It is not permissible to tinker with the electricity meter, or to use tricks to avoid paying the bills, because that is cheating, deceiving and consuming people’s wealth unlawfully.
The Standing Committee was asked: Is it permissible to stop electricity or water meters in a kaafir state so as to weaken that state? Please note that the state takes unjust taxes from me which I pay unwillingly.
That is not permissible, because it is consuming people’s wealth unlawfully. End quote.
Fataawa al-Lajnah al-Daa’imah, 23/441
The Standing Committee was also asked: is it permissible to use tricks to avoid paying bills for electricity, water, television, gas and so on? Please note that most of these things are provided by publicly owned companies.
That is not permissible, because it is consuming people’s wealth unlawfully and is a failure to fulfil trusts. Allaah says (interpretation of the meaning):
“Verily, Allaah commands that you should render back the trusts to those, to whom they are due”
“O you who believe! Eat not up your property among yourselves unjustly except it be a trade amongst you, by mutual consent. And do not kill yourselves (nor kill one another). Surely, Allaah is Most Merciful to you”
Fataawa al-Lajnah al-Daa’imah, 23/441
You quote as evidence the hadeeth, “Three things cannot be denied anyone: water, pasture and fire” (narrated by Ibn Maajah, 2473) – and according to another report: “The Muslims are partners in three things: water, pasture and fire, and their price is haraam” (narrated by Ibn Maajah, 2472 – both hadeeths were classed as saheeh by al-Albaani in Saheeh Ibn Maajah). But quoting these reports as evidence is not correct. If these things are collected and taken possession of, then it is permissible to sell them, as water may be sold in bottles, for example. Shaykh Ibn ‘Uthaymeen (may Allaah have mercy on him) said: He said that it is not permissible to sell spring water, because the Prophet (peace and blessings of Allaah be upon him) said: “The Muslims are partners in three things: water, pasture and fire,” and because this water was not extracted by any human effort, rather it came out by the power of Allaah. A man may dig a deep well and find that no water comes out, so this water is not the result of his efforts or actions, rather he is only a cause. So he cannot take possession of it, and if he cannot take possession of it then he cannot sell it. But if he took possession of it, took the water away and put it in a tank, then it is permissible for him to sell it, because it became his property by means of removing it and putting it in his tank. End quote from al-Sharh al-Mumti’, 8/154
The same applies to using the command to extinguish lamps as evidence. The apparent meaning is to limit the use of lamps that could be a cause of the house burning down. The hadeeth referred to was narrated by Abu Dawood (5247) from Ibn ‘Abbaas (may Allaah be pleased with him) who said: A mouse came and started dragging the wick, which it brought and dropped in front of the Messenger of Allaah (peace and blessings of Allaah be upon him), on the mat on which he was sitting, and a spot the size of a dirham was burned. He said: “When you go to sleep, extinguish your lamps, for the Shaytaan shows this (the wick) to this one (the mouse) and it will burn you.” Classed as saheeh by al-Albaani in Saheeh Abi Dawood.

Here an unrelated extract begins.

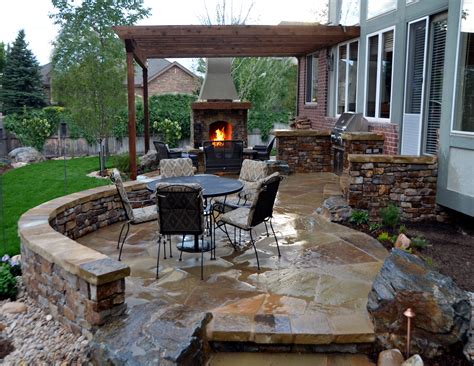 Homeadvisor.com has been visited by 100k+ users in the past month Flagstone Patio with Stone Fireplace and Outdoor Kitchen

Muslim (2012) narrated from Jaabir (may Allaah be pleased with him) that the Messenger of Allaah (peace and blessings of Allaah be upon him) said: “Extinguish lamps… for the evil one (the mouse) will burn people’s houses around them.”
The Prophet (peace and blessings of Allaah be upon him) ordered that lamps be extinguished before sleeping if there is the fear that leaving them may be the cause of a fire in the house. Hence the scholars such as Ibn Daqeeq al-‘Eid, al-Nawawi and al-Haafiz ibn Hajar stated that if a person makes sure, before going to sleep, that the lamp will not fall, there is nothing wrong in that case with going to sleep and leaving the lamps lit.
See Fath al-Baari, 11/89
It may be said that lighting the streets at night is a means of reducing crimes and evil; this is something that is well known.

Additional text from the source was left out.